As part of the 2026 fiscal package, the federal government has proposed a series of adjustments to the Special Tax on Production and Services (IEPS) and related excise measures, so-called sin taxes, with the stated goal of discouraging consumption of products linked to adverse physical and mental health outcomes. These include an increase in the IEPS on flavored beverages to MXN 3.0818 per liter, expanding the scope to cover products containing non-caloric sweeteners, not just traditional sugars. In tobacco, the government proposes raising the ad valorem rate on manufactured cigarettes from 160% to 200%, alongside a gradual hike in the specific quota through 2030, with a transition period between 2026 and 2029. The adjustment also extends to new nicotine-based products, such as “nicotine pouches,” and includes a proposal to increase the ad valorem rate for hand-rolled tobacco to 32%.

Beyond tobacco and sugary drinks, the package introduces a new 8% ad valorem tax on digital video game services featuring violent content. Additionally, the tax on gambling activities would rise from 30% to 50%, applied either to the wagered amount or the operator’s net intake.

The package also proposes several targeted adjustments to tighten compliance. To curb VAT avoidance, it closes digital platform loopholes used by individuals and foreign residents posing as corporate entities. The reform mandates that both domestic and foreign intermediaries apply VAT withholding in these cases, aiming to increase enforcement and prevent abuse of fiscal classification. FinTech institutions—specifically crowdfunding platforms—will be required to withhold and remit both income tax and VAT. Collectively, these adjustments reflect the government’s intent to broaden the tax base by closing technical gaps—especially in high-growth or low-compliance segments—while maintaining revenue neutrality on headline rates.

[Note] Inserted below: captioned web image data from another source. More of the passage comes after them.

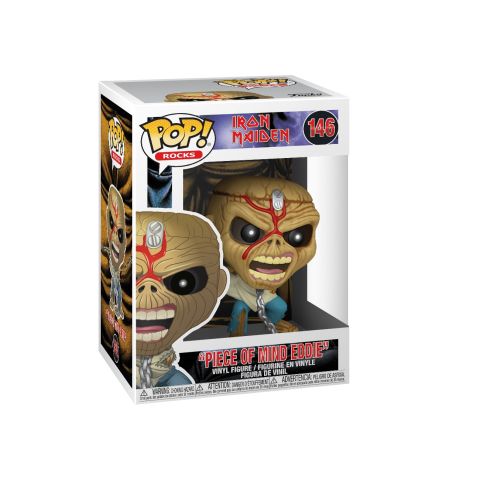 Pop Rocks: Iron Maiden - Piece of Mind (Skeleton Eddie) Pop Figure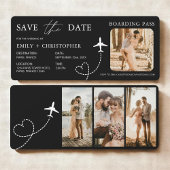 Destination Wedding Boarding Pass Plane Ticket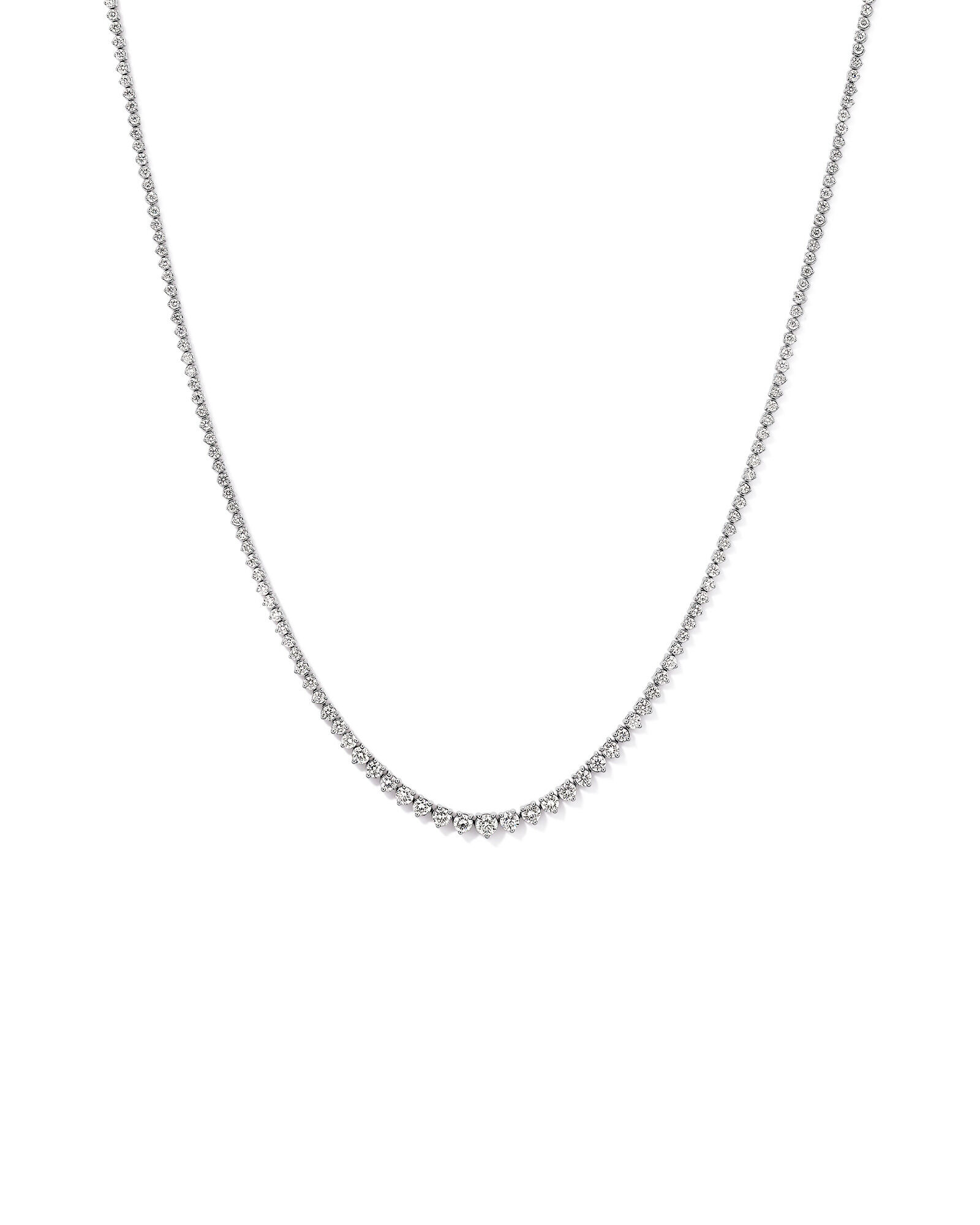 6.00 Carat TW Tennis Necklace set in 18kt White Gold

For Sheinbaum, the fiscal stance balanced political continuity with the need to maintain investor confidence. But the upcoming debates will test whether that balance can hold once concessions are on the table—and whether fiscal messaging translates into durable credibility.

 

Handshakes on Camera, Deadlines Off-Stage

While public messaging emphasized cooperation, with statements describing it as a “historically productive” encounter, the underlying intent of U.S. Secretary of State Marco Rubio’s first official visit to Mexico pointed to non-tariff barriers (NTBs).

Diplomatic statements aside, the U.S. State Department made its position clear. Washington expects Mexico to address over 50 NTBs before any discussion of a USMCA renegotiation can begin. Rubio personally handed a detailed list to Sheinbaum at the National Palace. Simultaneously, Republican lawmakers raised similar concerns with Mexico’s Secretary of Economy during meetings on Capitol Hill last week. These issues, flagged in the USTR’s March 2025 trade barriers report, have since expanded, with particular focus on energy, intellectual property, and agricultural restrictions.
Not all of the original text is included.